Rajoutons que la dette de l’Etat français est majoritairement détenue par des compagnies d’assurance, des fonds d’investissement ou des organismes de retraite c'est-à-dire – in fine – par d’honnêtes gens qui ont placé les économies d’une vie de travail dans des contrats d’assurance-vie, des OPCVMs ou des plans de retraite complémentaire. Les banques ne détiennent vraisemblablement pas beaucoup plus d’un dixième de notre dette publique et – mieux encore – ne le font que parce que la réglementation bancaire les y incite fortement ! C’est une simple question de bon sens : quel intérêt pourrait bien avoir une banque à prêter de l’argent à un Etat qui, par nature, se finance moins cher qu’elle si on ne l’y a pas incité par voie réglementaire ?

Enfin, juste pour le principe, cette accusation portée contre les instigateurs de cette fameuse loi de 1973 – aussi connue chez ses détracteurs sous le nom de « loi Rothschild » [5] – relève non seulement de l’analphabétisme économique mais surtout du procès d’intention le plus abject. Cette petite théorie complotiste que monsieur Dupont-Aignan a découvert sur internet dégage un fumet nauséabond qui n’est pas sans rappeler une époque où l’on tenait le même genre de discours en marchant au pas, le bras tendu bien haut. Puis-je suggérer à monsieur Dupont-Aignan de mieux sélectionner ses sources à l’avenir et, par la même occasion, de se fendre d’une lettre d’excuses adressée à l’équipe de l’AFT ?

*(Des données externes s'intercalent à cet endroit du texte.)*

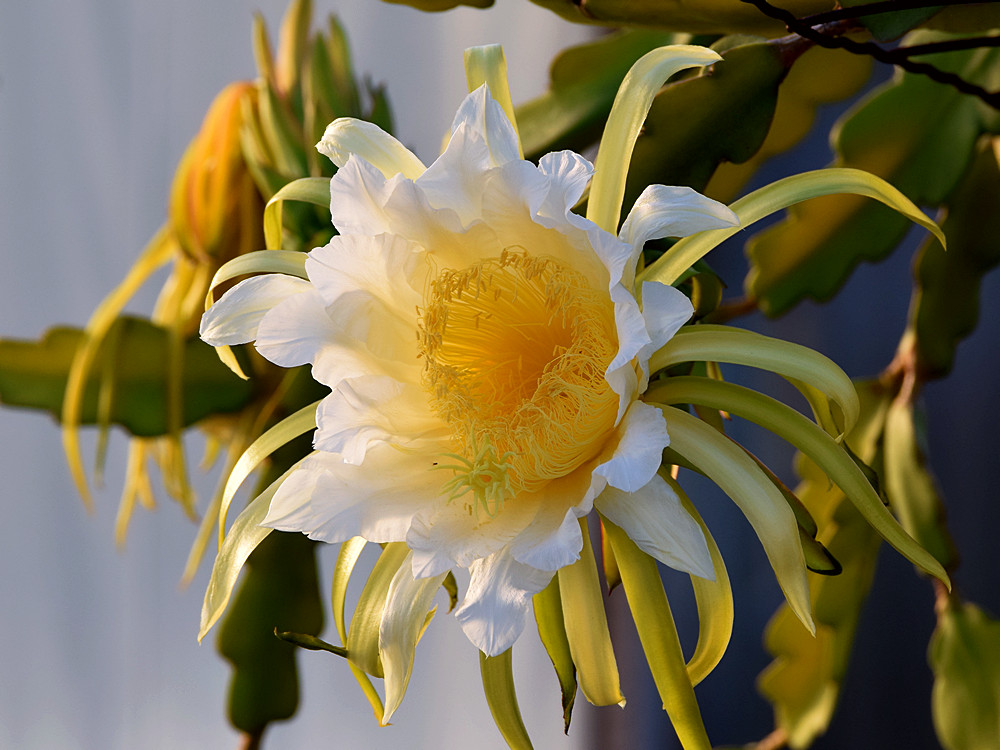 CactusFlower3.jpg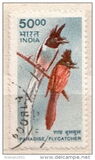 [Wildlife, type BJC]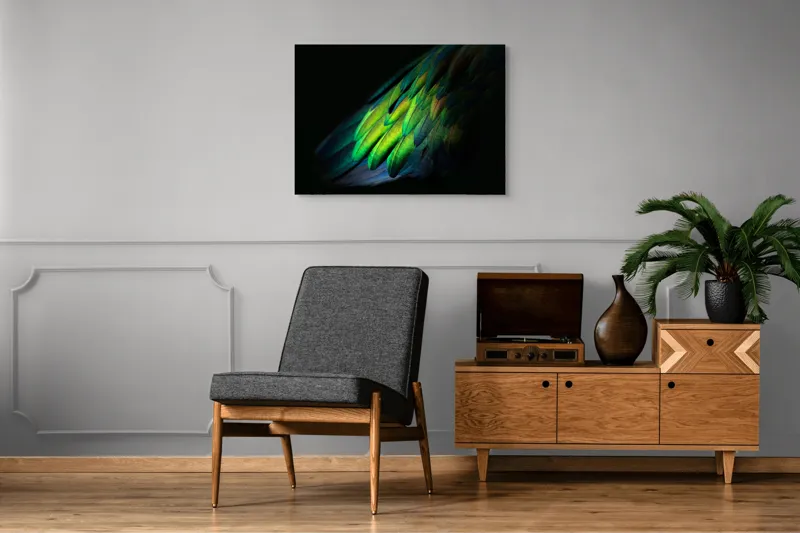 Tablou Canvas, "Aripi irizate în lumină obscură", Culori, Pene, Lumină, Verde, Textură, Frumusețe, Natură, Mister, Strălucire, Gradient, 100 x 70 cm – poza 8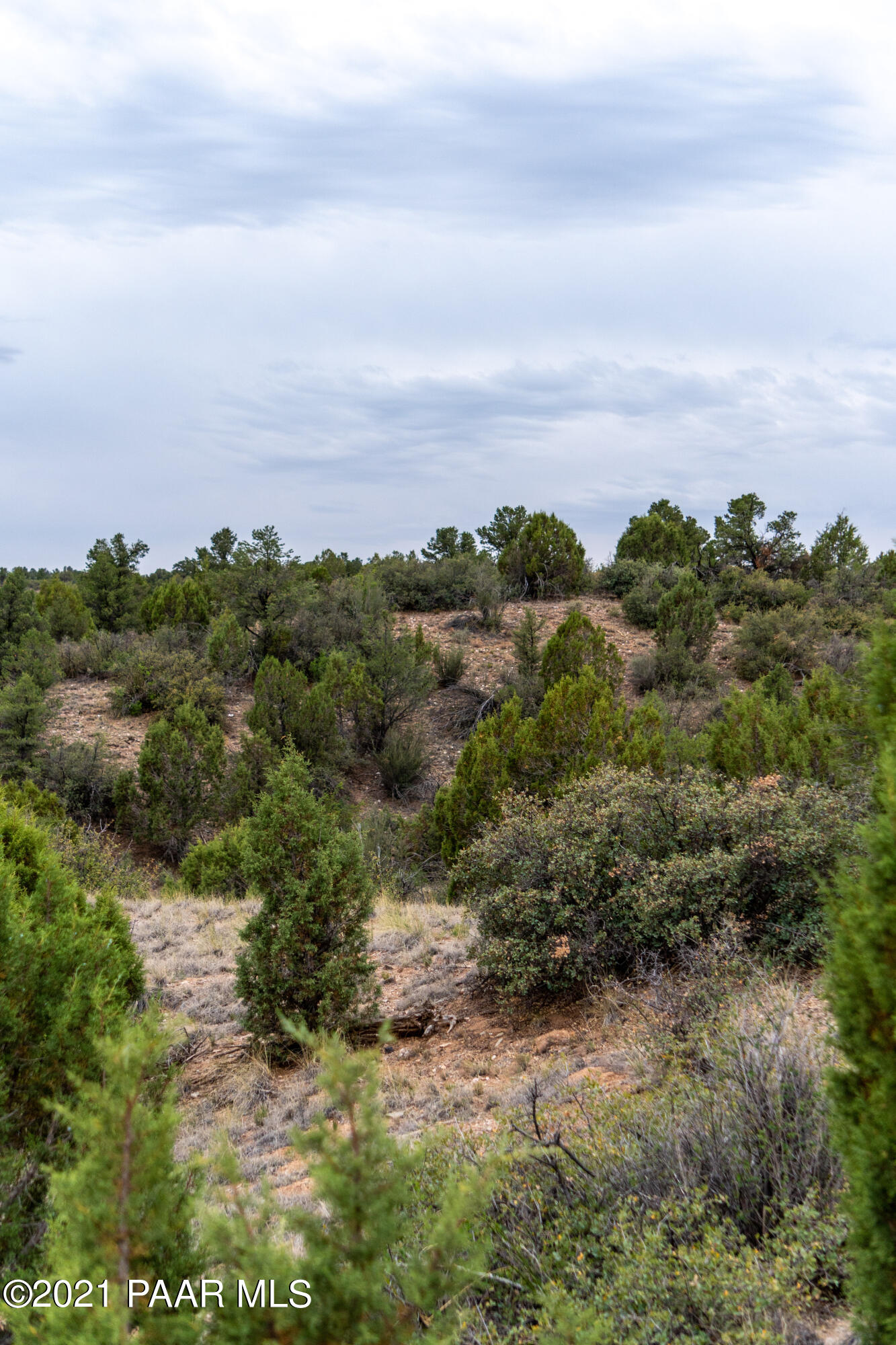 12455 North Pheasant Run Road Prescott, AZ 86305 - Photo 16 of 24 DS008514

Cette loi de 1973, votée sous l’impulsion de Valéry Giscard d'Estaing, est un des rares garde-fous qui nous restent pour empêcher des politiciens incompétents de financer leurs lubies en dévaluant massivement la valeur de nos économies et le niveau de nos salaires réels. Depuis quand les politiciens sont-ils plus compétents que les gens dont c’est le métier – et par ailleurs l’intérêt bien compris – pour savoir combien et où investir ? Qui peut être assez naïf pour croire qu’il suffit de faire « tourner la planche à billets » pour créer de véritables richesses ? A combien d’expériences désastreuses – comme celle de la république de Weimar en 1923 ou les imbécilités de Robert Mugabe plus récemment – faudra t’il que nous assistions pour comprendre que la création de richesse, l’innovation et – finalement – le bien être des gens ne se planifie pas ? La proposition de Nicolas Dupont-Aignan représente bien le même genre d’alternatives que celles de Marine le Pen ou de Jean-Luc Mélenchon : le suicide collectif.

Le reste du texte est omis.